## Task to carry out
Please output the lines from the one with "Woman Holding Rainbow" through the end of the data exactly as written, omitting all pictures.

(Collection entries)
-*-*-
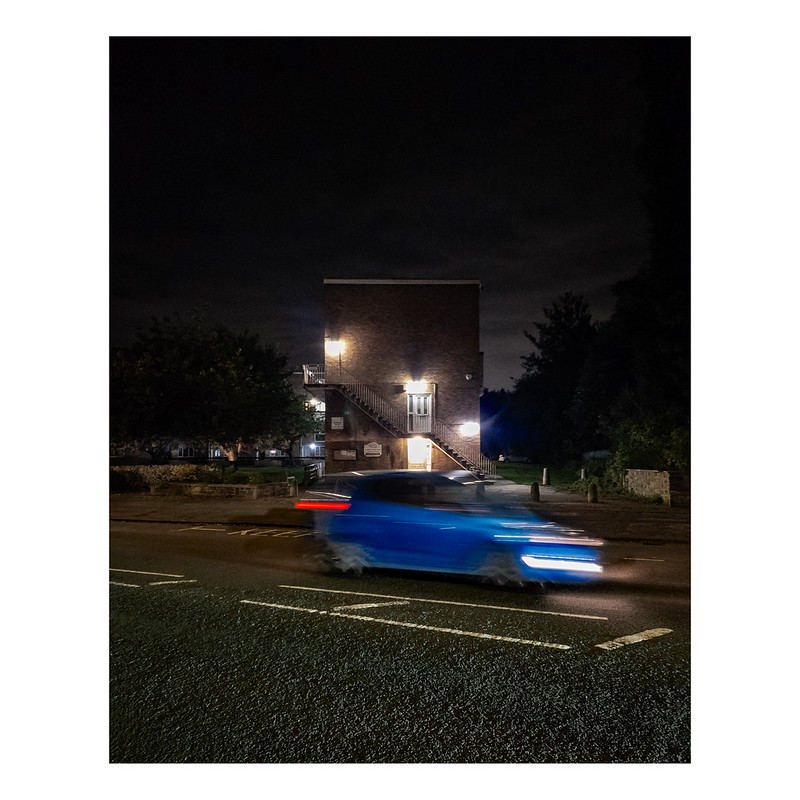 A night time photograph showing a side view of a blue car with headlights on that is blurred because of the movement. Behind is a modern low rise residential block with steps and lights visible.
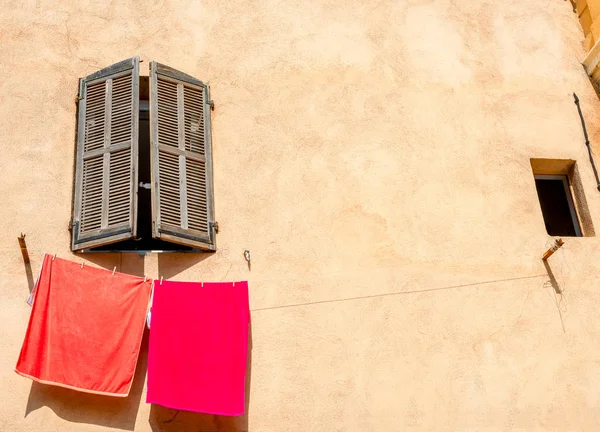 Κόκκινες πετσέτες στη γραμμή των ρούχων ενάντια στον κίτρινο τοίχο του σπιτιού με νίκη — Φωτογραφία Αρχείου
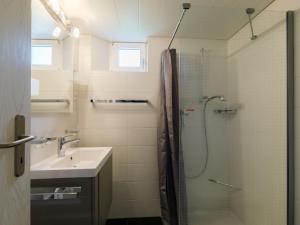 a bathroom with a shower and a sink at Apartment Villaggio Sureggio - App- C1 by Interhome in Lugaggia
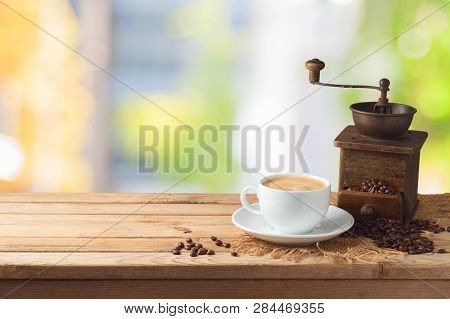 Coffee Cup With Grinder Mill On Wooden Table Over Abstract Bokeh Background With Copy Space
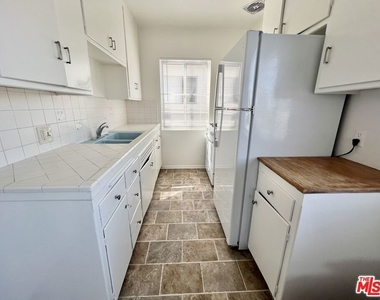 10303 Palms Boulevard - Photo Thumbnail 4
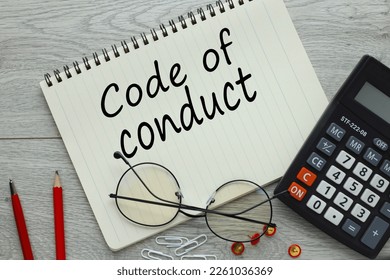 Code of conduct symbol. red pencils and glasses near notepad with text - Shutterstock ID 2261036369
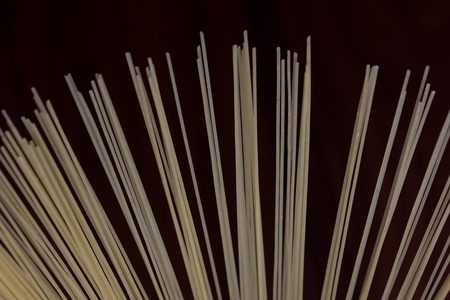 Uncooked angel hair pasta spread out and isolated on black backgroundの写真素材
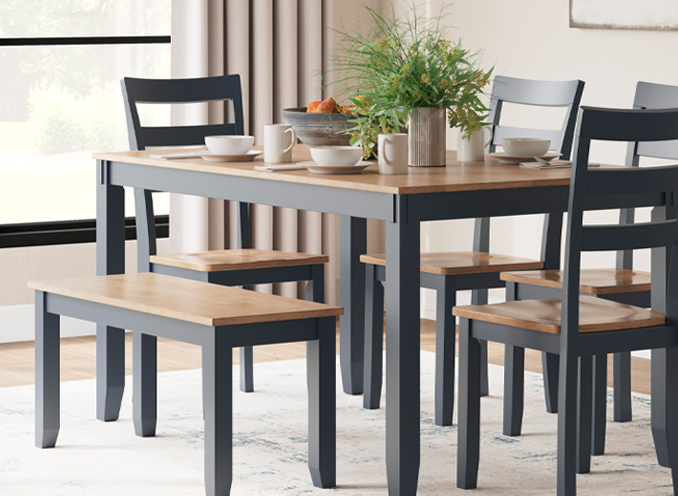 A dining room arrangement highlighting a table with four chairs and a bench, ideal for dining and social interaction.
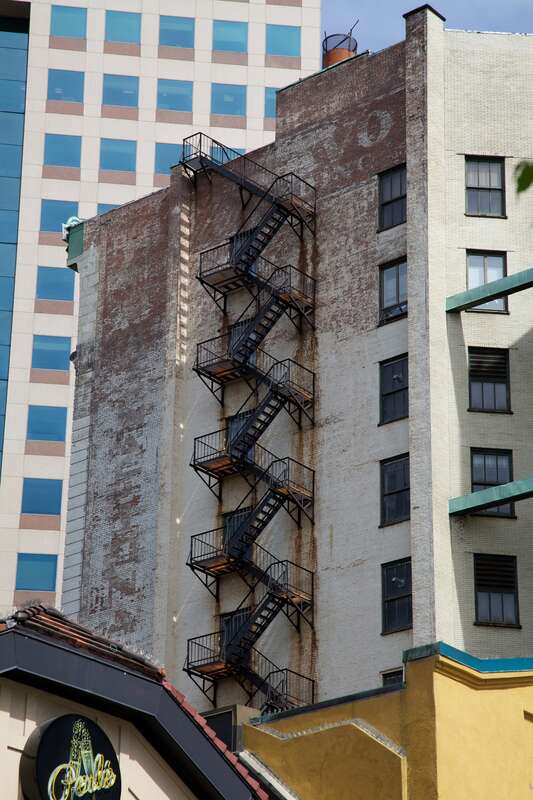 Fire escape?

There seems to be more iron in the rust trails dripping down the building than on the steel.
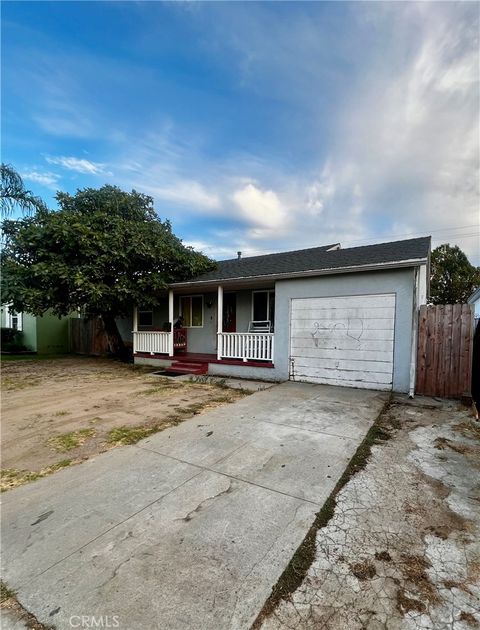 Photo of 1328 W Arbutus St, Compton, CA 90220 (MLS # DW25278190)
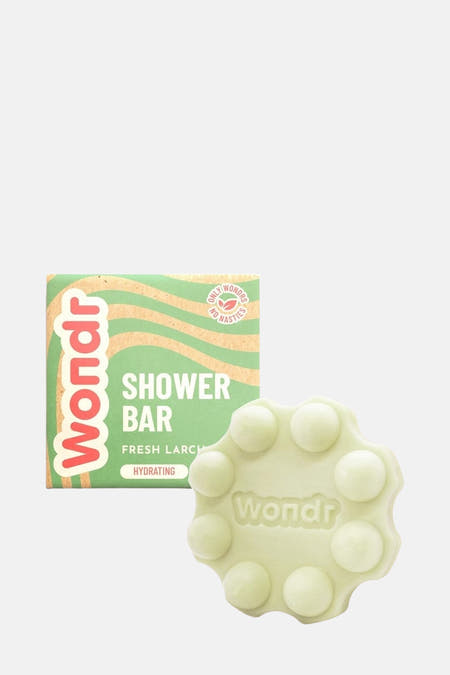 Douche verte de WONDR CARE sur un support vert avec une pierre blanche et une plante en premier plan.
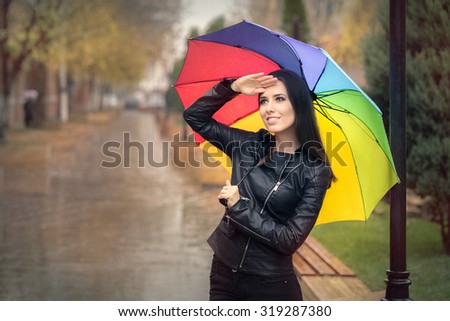 Woman Holding Rainbow Umbrella Checking for Rain  Smiling fall girl 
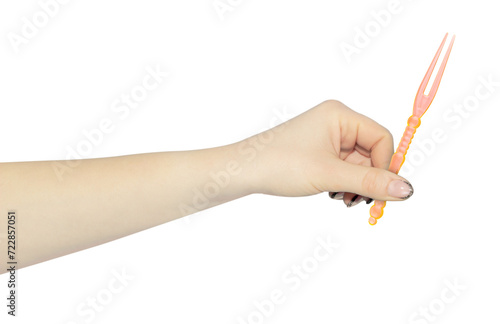 skewer for appetizer in hand, outstretched hand with plastic skewer for canapes isolated from background
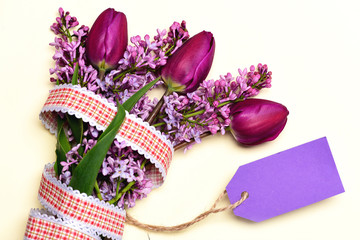 Tulips and lilac flowers with rustic ribbon and price tag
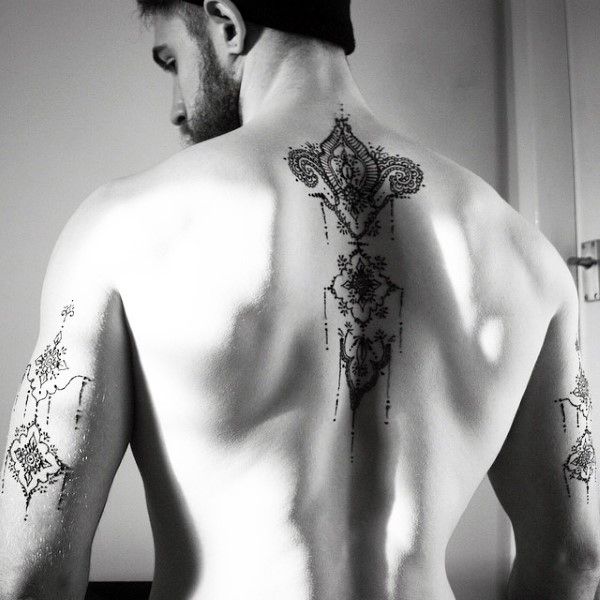 Henna floral tattoo design for men on back and arm tattoo ideas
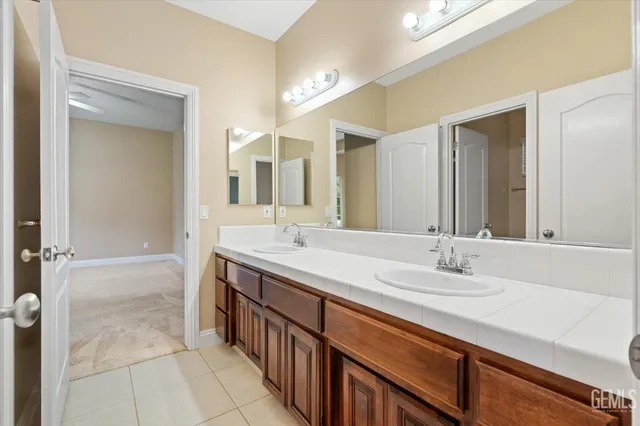 a view of a backyard with chair and potted plants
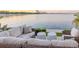 Inviting patio area with comfortable seating, ideal for enjoying the waterfront views and sunset at 2807 W Hawthorne Rd # 11, Tampa, FL 33611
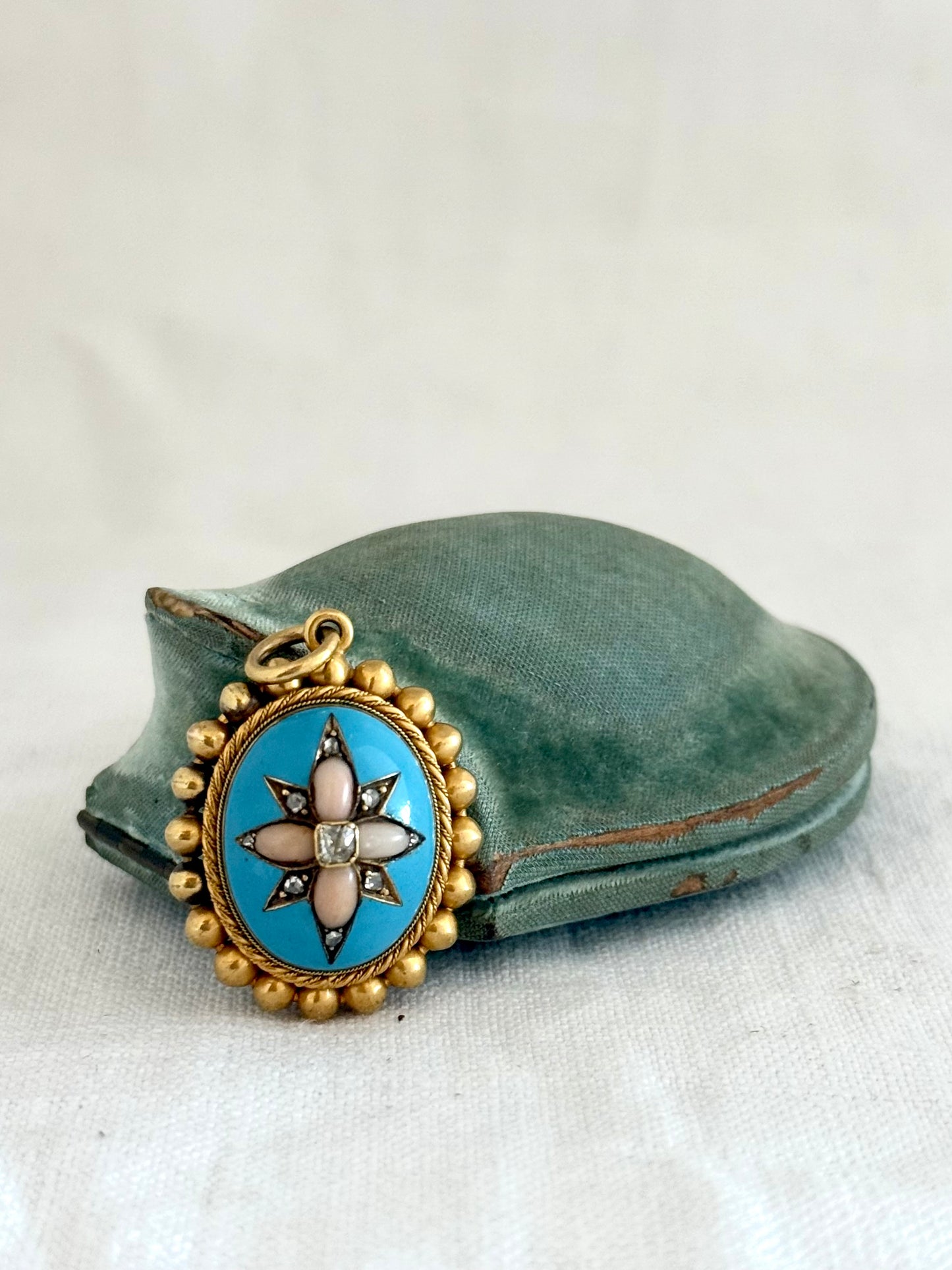 .15ct .1850s .1860s antique Victorian Yellow Gold Cushion cut Diamond Rose Cut Diamond star starburst Angel Coral and Blue Enamel Etruscan Revival Beaded border Mourning locket pendant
-*-*-
## Exercise result
 Woman Holding Rainbow Umbrella Checking for Rain  Smiling fall girl 
 skewer for appetizer in hand, outstretched hand with plastic skewer for canapes isolated from background
 Tulips and lilac flowers with rustic ribbon and price tag
 Henna floral tattoo design for men on back and arm tattoo ideas
 a view of a backyard with chair and potted plants
 Inviting patio area with comfortable seating, ideal for enjoying the waterfront views and sunset at 2807 W Hawthorne Rd # 11, Tampa, FL 33611
 .15ct .1850s .1860s antique Victorian Yellow Gold Cushion cut Diamond Rose Cut Diamond star starburst Angel Coral and Blue Enamel Etruscan Revival Beaded border Mourning locket pendant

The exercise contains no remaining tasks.